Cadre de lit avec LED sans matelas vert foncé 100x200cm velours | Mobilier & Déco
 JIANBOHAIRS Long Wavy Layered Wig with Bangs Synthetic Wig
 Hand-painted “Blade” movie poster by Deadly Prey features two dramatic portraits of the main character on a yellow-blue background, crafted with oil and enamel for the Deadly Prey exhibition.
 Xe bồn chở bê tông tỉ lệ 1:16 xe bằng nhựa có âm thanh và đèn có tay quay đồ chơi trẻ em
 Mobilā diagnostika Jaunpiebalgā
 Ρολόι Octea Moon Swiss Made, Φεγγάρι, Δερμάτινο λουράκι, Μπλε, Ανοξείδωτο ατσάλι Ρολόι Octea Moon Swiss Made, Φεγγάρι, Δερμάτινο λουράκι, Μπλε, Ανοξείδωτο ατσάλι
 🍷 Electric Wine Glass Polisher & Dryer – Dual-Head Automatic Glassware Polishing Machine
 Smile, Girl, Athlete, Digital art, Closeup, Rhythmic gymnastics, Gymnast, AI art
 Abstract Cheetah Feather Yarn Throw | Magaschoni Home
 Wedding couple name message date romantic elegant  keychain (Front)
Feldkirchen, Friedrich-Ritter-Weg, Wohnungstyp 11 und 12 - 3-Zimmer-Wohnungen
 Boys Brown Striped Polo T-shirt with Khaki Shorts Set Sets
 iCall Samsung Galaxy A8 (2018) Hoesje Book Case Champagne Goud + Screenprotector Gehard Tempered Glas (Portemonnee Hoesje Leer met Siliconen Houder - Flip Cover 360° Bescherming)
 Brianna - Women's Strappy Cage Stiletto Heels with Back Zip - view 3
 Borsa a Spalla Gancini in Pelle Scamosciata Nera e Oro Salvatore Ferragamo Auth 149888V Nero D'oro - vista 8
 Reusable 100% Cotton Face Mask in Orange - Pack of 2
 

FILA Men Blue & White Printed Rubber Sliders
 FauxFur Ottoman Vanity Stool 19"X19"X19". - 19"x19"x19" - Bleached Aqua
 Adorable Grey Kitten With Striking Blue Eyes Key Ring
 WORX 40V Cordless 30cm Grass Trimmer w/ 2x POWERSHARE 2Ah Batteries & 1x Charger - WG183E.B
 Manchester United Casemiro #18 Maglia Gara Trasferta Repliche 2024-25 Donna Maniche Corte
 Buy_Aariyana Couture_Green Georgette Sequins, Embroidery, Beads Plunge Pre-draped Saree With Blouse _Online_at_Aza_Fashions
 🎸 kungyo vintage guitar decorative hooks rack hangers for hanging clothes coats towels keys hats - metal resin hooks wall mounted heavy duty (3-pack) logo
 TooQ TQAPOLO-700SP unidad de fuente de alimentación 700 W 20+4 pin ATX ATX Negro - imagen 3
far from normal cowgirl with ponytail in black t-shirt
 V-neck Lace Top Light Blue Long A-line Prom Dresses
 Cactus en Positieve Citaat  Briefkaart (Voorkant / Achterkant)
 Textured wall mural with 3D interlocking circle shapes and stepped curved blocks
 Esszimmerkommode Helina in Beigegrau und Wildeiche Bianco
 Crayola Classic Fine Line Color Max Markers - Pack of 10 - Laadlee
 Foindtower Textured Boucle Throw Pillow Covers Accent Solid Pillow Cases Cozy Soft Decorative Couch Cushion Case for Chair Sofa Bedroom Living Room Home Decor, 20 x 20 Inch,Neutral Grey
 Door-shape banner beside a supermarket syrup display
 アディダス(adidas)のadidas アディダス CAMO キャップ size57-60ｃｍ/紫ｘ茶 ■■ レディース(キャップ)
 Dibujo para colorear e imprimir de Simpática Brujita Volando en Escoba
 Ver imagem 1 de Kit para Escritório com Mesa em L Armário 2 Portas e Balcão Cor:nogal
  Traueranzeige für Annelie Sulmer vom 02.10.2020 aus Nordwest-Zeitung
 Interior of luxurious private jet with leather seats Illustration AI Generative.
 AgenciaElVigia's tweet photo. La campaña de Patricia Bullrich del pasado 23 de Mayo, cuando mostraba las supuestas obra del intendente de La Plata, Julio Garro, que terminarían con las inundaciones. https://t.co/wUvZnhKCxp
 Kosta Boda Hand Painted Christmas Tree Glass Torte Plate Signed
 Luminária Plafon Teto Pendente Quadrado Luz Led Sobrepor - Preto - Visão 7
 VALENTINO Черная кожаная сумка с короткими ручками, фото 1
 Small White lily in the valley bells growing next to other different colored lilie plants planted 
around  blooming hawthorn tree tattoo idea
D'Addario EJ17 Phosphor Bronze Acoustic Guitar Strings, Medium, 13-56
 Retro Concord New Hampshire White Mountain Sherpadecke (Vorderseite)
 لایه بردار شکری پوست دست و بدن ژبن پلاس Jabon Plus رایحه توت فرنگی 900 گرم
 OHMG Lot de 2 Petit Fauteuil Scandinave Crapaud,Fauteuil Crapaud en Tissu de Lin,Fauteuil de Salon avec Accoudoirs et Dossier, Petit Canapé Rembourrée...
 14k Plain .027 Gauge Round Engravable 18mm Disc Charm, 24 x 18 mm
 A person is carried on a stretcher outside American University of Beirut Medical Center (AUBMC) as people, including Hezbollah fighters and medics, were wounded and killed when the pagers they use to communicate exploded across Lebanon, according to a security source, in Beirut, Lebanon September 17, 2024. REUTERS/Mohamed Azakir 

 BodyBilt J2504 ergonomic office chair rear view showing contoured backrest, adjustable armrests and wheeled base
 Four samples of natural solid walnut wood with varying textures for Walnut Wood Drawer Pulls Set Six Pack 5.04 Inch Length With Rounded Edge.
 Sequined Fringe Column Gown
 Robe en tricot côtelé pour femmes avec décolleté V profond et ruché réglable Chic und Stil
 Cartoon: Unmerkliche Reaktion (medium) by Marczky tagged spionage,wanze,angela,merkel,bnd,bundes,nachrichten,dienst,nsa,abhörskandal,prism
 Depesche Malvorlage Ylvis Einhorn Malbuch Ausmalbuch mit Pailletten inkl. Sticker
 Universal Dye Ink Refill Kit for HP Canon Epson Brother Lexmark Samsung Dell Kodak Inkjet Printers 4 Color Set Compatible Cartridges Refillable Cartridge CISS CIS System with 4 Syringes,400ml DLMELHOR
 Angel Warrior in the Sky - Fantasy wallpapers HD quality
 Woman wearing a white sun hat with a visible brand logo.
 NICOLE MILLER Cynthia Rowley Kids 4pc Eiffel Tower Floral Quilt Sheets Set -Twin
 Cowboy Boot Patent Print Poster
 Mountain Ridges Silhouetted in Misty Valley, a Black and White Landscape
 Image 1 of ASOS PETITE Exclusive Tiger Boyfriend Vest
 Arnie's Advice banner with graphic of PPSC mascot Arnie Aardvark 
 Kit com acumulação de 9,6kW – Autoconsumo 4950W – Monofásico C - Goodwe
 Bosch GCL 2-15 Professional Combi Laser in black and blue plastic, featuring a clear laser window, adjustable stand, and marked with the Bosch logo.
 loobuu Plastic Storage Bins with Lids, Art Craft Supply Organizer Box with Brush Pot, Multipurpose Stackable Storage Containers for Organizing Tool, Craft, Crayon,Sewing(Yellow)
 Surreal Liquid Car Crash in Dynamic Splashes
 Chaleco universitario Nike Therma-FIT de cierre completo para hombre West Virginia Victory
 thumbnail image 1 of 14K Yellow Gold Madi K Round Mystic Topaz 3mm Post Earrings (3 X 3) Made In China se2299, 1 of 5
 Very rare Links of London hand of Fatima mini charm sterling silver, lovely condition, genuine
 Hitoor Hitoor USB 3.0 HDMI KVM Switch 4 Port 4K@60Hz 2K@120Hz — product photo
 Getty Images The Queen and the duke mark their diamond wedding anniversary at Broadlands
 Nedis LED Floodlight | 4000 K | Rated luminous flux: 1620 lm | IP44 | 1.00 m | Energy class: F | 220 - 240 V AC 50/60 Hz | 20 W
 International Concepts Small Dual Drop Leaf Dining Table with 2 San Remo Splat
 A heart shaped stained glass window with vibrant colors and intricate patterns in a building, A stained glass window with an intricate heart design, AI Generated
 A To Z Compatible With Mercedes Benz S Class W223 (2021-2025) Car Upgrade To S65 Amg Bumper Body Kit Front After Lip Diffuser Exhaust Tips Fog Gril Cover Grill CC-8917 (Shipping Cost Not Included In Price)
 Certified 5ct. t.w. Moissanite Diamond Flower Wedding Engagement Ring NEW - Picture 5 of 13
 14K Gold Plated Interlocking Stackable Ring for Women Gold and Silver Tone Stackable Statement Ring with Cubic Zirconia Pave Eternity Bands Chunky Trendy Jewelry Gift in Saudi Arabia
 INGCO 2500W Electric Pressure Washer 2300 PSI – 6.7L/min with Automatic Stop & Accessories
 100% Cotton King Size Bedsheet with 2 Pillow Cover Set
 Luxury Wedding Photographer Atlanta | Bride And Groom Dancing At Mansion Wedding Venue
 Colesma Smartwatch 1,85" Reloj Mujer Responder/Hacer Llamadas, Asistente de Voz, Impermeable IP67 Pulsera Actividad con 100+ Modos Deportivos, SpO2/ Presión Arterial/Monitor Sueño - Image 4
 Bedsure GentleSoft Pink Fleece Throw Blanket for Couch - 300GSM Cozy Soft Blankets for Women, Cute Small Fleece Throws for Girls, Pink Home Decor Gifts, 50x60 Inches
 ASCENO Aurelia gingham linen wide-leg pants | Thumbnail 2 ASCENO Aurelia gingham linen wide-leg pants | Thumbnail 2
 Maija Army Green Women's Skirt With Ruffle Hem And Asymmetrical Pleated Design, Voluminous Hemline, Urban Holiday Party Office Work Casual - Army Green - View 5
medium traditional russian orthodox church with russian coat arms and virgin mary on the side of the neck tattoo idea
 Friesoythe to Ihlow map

══════════

• _Exercise directions_:
In the entries above, restate word for word the lines between the one holding "A heart shaped" and the one holding "Bedsure GentleSoft Pink", inclusive, and nothing besides.

• _Task answer_:
 A heart shaped stained glass window with vibrant colors and intricate patterns in a building, A stained glass window with an intricate heart design, AI Generated
 A To Z Compatible With Mercedes Benz S Class W223 (2021-2025) Car Upgrade To S65 Amg Bumper Body Kit Front After Lip Diffuser Exhaust Tips Fog Gril Cover Grill CC-8917 (Shipping Cost Not Included In Price)
 Certified 5ct. t.w. Moissanite Diamond Flower Wedding Engagement Ring NEW - Picture 5 of 13
 14K Gold Plated Interlocking Stackable Ring for Women Gold and Silver Tone Stackable Statement Ring with Cubic Zirconia Pave Eternity Bands Chunky Trendy Jewelry Gift in Saudi Arabia
 INGCO 2500W Electric Pressure Washer 2300 PSI – 6.7L/min with Automatic Stop & Accessories
 100% Cotton King Size Bedsheet with 2 Pillow Cover Set
 Luxury Wedding Photographer Atlanta | Bride And Groom Dancing At Mansion Wedding Venue
 Colesma Smartwatch 1,85" Reloj Mujer Responder/Hacer Llamadas, Asistente de Voz, Impermeable IP67 Pulsera Actividad con 100+ Modos Deportivos, SpO2/ Presión Arterial/Monitor Sueño - Image 4
 Bedsure GentleSoft Pink Fleece Throw Blanket for Couch - 300GSM Cozy Soft Blankets for Women, Cute Small Fleece Throws for Girls, Pink Home Decor Gifts, 50x60 Inches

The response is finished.